--- Records for the exercise Enclosed Below ---

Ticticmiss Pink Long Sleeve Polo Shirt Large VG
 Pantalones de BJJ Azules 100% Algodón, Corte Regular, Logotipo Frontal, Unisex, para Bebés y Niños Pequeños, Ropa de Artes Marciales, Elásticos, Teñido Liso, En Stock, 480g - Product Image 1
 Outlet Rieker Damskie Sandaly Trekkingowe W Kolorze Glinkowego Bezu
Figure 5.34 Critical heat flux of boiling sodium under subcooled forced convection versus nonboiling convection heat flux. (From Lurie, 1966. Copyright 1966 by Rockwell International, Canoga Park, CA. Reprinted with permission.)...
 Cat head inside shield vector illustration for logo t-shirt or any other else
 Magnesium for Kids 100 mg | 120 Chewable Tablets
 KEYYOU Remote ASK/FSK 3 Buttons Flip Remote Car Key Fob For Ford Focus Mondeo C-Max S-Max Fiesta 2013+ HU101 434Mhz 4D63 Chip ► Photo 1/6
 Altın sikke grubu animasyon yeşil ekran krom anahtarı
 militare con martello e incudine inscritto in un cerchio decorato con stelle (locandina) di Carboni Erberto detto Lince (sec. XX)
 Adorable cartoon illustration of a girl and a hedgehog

--- End of Enclosed Records for the exercise ---

Task instructions:
Where a line above contains the string "illustration", copy that line.

Solution below:
 Cat head inside shield vector illustration for logo t-shirt or any other else
 Adorable cartoon illustration of a girl and a hedgehog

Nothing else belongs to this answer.